| PROVIDED INFORMATION |
*****

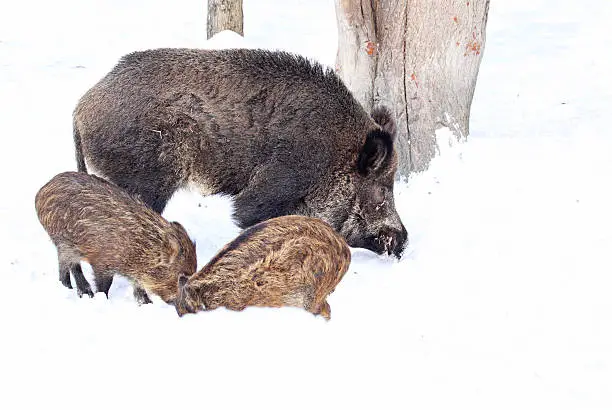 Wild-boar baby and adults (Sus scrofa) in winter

*****

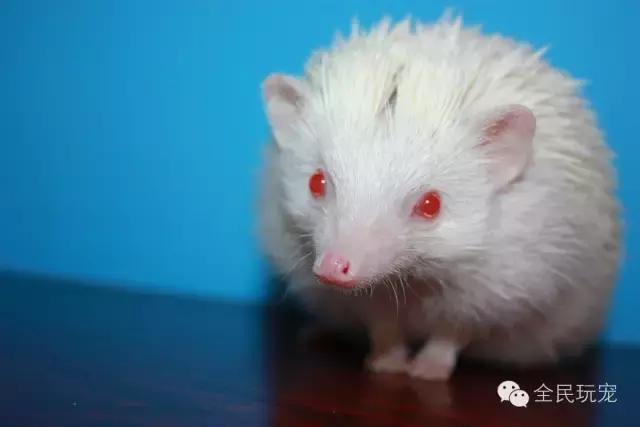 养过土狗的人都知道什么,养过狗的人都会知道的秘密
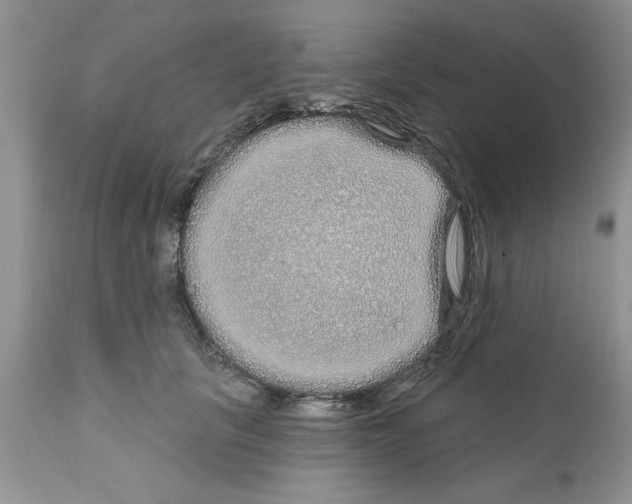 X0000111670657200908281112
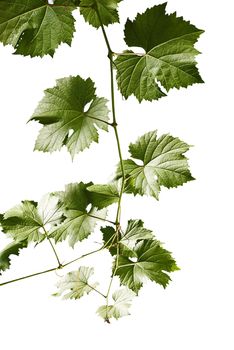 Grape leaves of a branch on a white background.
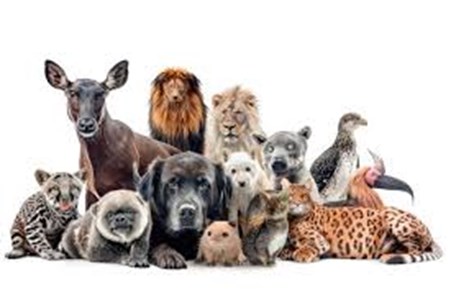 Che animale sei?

*****

Leave the pictures out, and transcribe exactly the lines above starting at the one that contains "养过土狗的人都知道什么,养过狗的人都会知道的秘密" and ending at the one that contains "Che animale sei?".

| EXERCISE ANSWER |
 养过土狗的人都知道什么,养过狗的人都会知道的秘密
 X0000111670657200908281112
 Grape leaves of a branch on a white background.
 Che animale sei?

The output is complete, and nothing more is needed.